19. The Memoirs of Sherlock Holmes
- Episode 5 - "The Mazarin Stone" (Peter Hammond, 1994)
20. The Memoirs of Sherlock Holmes
- Episode 6 - "The Cardboard Box" (Sarah Hellings, 1994)
The last two episodes of this series of Holmes, and as it turned out, the last two in the Jeremy Brett sequence overall. It's been a real joy watching these over the last few years; I watched all but the last season-and-a-half with my mom, and wish she was here to enjoy these last two. Here's to you mom.
"The Mazarin Stone" is a pastiche made from two stories, the title one and "The Adventure of the Three Garridebs" and in this case it's fairly obvious that we have two disparate tales. Jeremy Brett's illness apparently is part of the reason for this and instead of Brett (who only appears for moments at the beginning and end) we have Charles Gray as his older brother Mycroft teaming up with Edward Hardwicke's Watson to solve both the disappearance of the eponymous diamond, and the problem of a young American apparently trying to put one over on two elderly spinsters and their brother, who happen to have the same name and apparently are about to inherit a large fortune. The reviews on this seem fairly negative but I thought it was reasonably well stitched together and I always love seeing Mycroft.

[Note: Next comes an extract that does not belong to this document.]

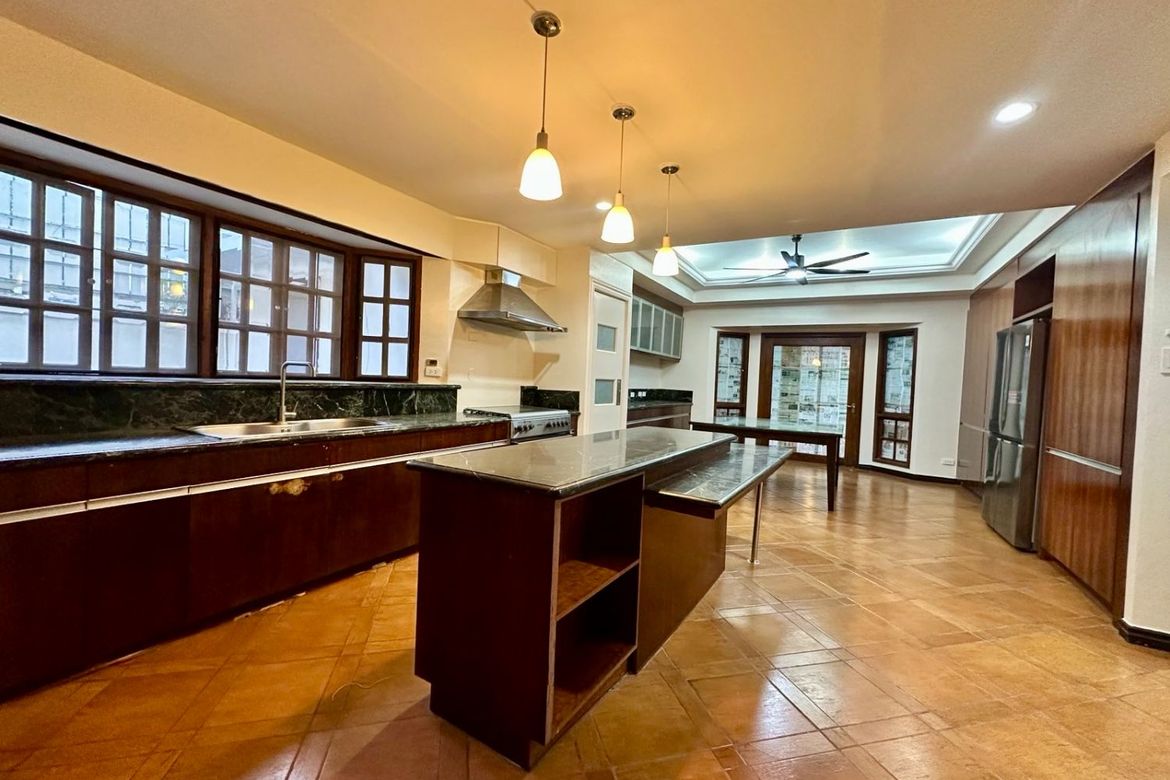 Spacious 3-Bedroom House in Dasmarinas Village, Makati City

Better still though is the final episode, probably the best of the season and one of the best of the series as a whole - nice that it went out on a high note. A Christmas-set story like the first season's "The Blue Carbuncle", this features a trio of sisters - one has disappeared and another is blamed for that disappearance by the third. When a couple of severed ears - from different heads - turn up at the third sister's house as a Christmas gift, she - and Holmes and Watson - fear murder. Was it the tenant harshly kicked out of the house, or the husband of the missing woman, or someone or something else? What I like most in this is the way in which our sympathies are turned between the sisters - and the potential murderers; very skillfully done.
21. The Third Secret
(Charles Crichton, 1964)
Fox Movie Channel - wow, two scores inside a week on this channel! I guess being home all the time is making me pay a little more attention to what's on. Unfortunately in this case despite the director, cinematographer (Douglas Slocombe, most famous now for the first three Indiana Jones
films, here working in b/w Cinemascope) and some terrific actors including Jack Hawkins, Richard Attenborough and Judi Dench in a small early role, it's much ado about nothing. This is another film mis-labelled noir in some sources but I'd call it a psychological thriller, involving an American TV host (played by Irish actor Stephen Boyd) investigating the death of his analyst, an apparent suicide whose 14-year-old daughter (Pamela Franklin) is convinced was in fact murdered. It plays out like a police procedural in many ways, with Boyd going around and interviewing various other patients of the dead doctor; and given that the daughter is convinced that it was in fact a patient who was responsible, we have to wonder about Boyd himself. It's all fairly obvious in the end and not that suspenseful, and Boyd isn't that compelling a presence and doesn't lift it up enough. Attenborough is, not surprisingly, the best thing about this as an art dealer and would-be-painter.